Не успел для нашей смены наступить отбой, как сразу же назначается взводу политзанятие. Сидим в той самой квартире. Кто на стульях, кто на полу возле стен, осколки из-под себя разметав. Посмотрел я на наших ребят – бог ты мой! Каждый в пыли кирпичной с головы до ног. Пот у всех из-под касок течет. Лица у всех черные от всяческой копоти. И только глаза, как сквозь маску, светятся.

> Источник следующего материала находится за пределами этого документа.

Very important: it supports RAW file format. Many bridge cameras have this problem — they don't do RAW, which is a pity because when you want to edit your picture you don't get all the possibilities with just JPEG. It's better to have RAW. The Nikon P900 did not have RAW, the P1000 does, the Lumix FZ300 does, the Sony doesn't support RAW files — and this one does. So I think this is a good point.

Так вот, замполит товарищ Самотесов садится на стул к обеденному столу и начинает свое занятие словами:
– Как же это понимать?
В ответ все, само собой, молчат, поскольку никто вообще не понимает, о чем идет речь.

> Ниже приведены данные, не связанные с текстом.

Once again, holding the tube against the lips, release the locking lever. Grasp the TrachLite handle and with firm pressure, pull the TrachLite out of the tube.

– Хорошо, – говорит лейтенант Самотесов, – если вы молчите, то я буду говорить. Вот, полюбуйтесь на это бывшее зеркало. Это боец Кунин его из автомата уничтожил. А зачем, спрашивается? Что это, огневая точка или вооруженный враг? Я вас, товарищ Кунин, спрашиваю, – допытывается замполит. – Разве вам неизвестно, что Красная Армия пришла в Берлин не для того, чтобы учинять здесь безрассудные поступки над мирными людьми и над их имуществом?
– Известно, – отвечает Мишка тихо. А сам в пол уставился.
Тогда замполит говорит:
– Я оцениваю ваш поступок, товарищ Кунин, как недопустимый. Мне, – говорит, – не зеркало жалко: в огне войны и не то еще погибает, и не то еще уничтожается. Мне жалко вашу сознательность. Жалко наших прежних политзанятий, на которых мы обо всем об этом говорили не раз и не два. И я, – говорит, – хочу на этом примере…
И пошел тут замполит повторять все, что он нам и раньше говорил и с чем я с самого начала был согласен неполностью. На этот раз я и вовсе захотел с ним поспорить. А с другой стороны, как замполиту возражать? Однако как солдат опытный я, конечно, знал, какой из такого положения есть выход. Возражать ты не должен, а не понимать можешь сколько тебе угодно. И тут уже замполит обязан тебе все неустанно разъяснять.
Так вот я встаю и говорю:
– Мне, товарищ замполит, не все понятно. Мне, – говорю, – совершенно непонятно, почему вы так оценили поступок бойца Михаила Кунина – моего друга? Мое мнение, – говорю, – такое, что боец Кунин поступил вполне хорошо. А мог бы поступить еще хуже. И все равно его нельзя было бы даже в том случае наказывать. Ни позором, ни тем более еще как-нибудь.
– Вот это интересно, товарищ Тимохин, – говорит замполит. – Доложите поподробнее.
– А подробнее, – говорю, – вот что: у бойца Михаила Кунина в деревне немец застрелил из автомата сестру его с двумя детьми и старика-отца, тут же стоявшего. Правда, отец его белой салфетки не приготовил… И вы, – говорю, – пожалуйста, представьте себе, что же вышеуказанный вами боец должен был почувствовать, увидев вот так женщину с двумя детьми и старика с ними рядом. Да ведь у него душа вспыхнула на то, чтобы в них автомат разрядить! А он, чтобы такого не натворить, разрядил его в зеркало. Выходит, что наш боец совершил вполне добрый поступок. А мог бы, повторяю, сделать еще кое-что похуже.
Несмотря на крайнюю убедительность моих слов, лейтенант Самотесов продолжал гнуть свою линию безо всякого колебания.
– То, что боец Кунин не совершил кровавой расправы над немецкой семьей, – это, – говорит, – вполне нормально. Иначе он уподобился бы тому зверюге, который убил его невинных родичей. И тогда бы мы его поступок не на политзанятии обсуждали. Вы, – говорит, – меня поняли, старший сержант Тимохин?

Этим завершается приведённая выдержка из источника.